Women are participating in military and athletic activities in the heat in increasing numbers, but potential sex differences in sequelae from exertional heat illness remain poorly understood. We tested the hypothesis that women suffering from exertional heat stroke (EHS) would have similar severity of organ damage biomarkers compared with men, as measured in a hospital setting. We studied women and men presenting with EHS to the emergency department at Fort Moore, GA. We measured creatinine (CR), creatine kinase (CK), alanine-transaminase (ALT), aspartate aminotransferase (AST), and estimated glomerular filtration rate (eGFR). Core temperature was also assessed by medical personnel. Biomarker data were obtained for 62 EHS cases (11 women). Men were significantly taller, and heavier, and had larger body mass index (BMI) and body surface area (P < 0.05 for all). The highest recorded body core temperature was not different between groups [women: 41.11°C (40.06, 41.67); men: 41.11°C (40.28, 41.72), P = 0.57]. Women had significantly lower peak CR [women: 1.39 (1.2, 1.48) m·dL^-1; men: 1.75 (1.53, 2.16) mg·dL^-1, P < 0.01] and peak CK [women: 584 (268, 2,412) U·L^-1; men: 2,183 (724, 5,856) U·L^-1, P = 0.02]. Peak ALT and AST were not different between groups; during recovery time points, ALT and AST were either similar or lower in women.
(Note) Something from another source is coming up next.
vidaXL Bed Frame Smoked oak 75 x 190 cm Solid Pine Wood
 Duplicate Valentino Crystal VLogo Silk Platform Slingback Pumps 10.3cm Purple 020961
Women spent approximately half as much time in the hospital following admittance compared with men. Our findings suggest that women may be less susceptible to organ injury resulting from EHS. Further research is necessary to understand the pathophysiology underlying these differences and how biomarkers of end-organ damage severity can differ between women and men following EHS.NEW & NOTEWORTHY We studied otherwise healthy women and men after exertional heat stroke in a military training environment. Peak values for biomarkers of kidney and muscle damage were lower in women compared with men despite similar (highest recorded) body core temperatures. During recovery, organ damage markers were similar or lower in women. These sex differences may indicate differences in the pathophysiology of responses, but more work is needed to clarify specific mechanisms.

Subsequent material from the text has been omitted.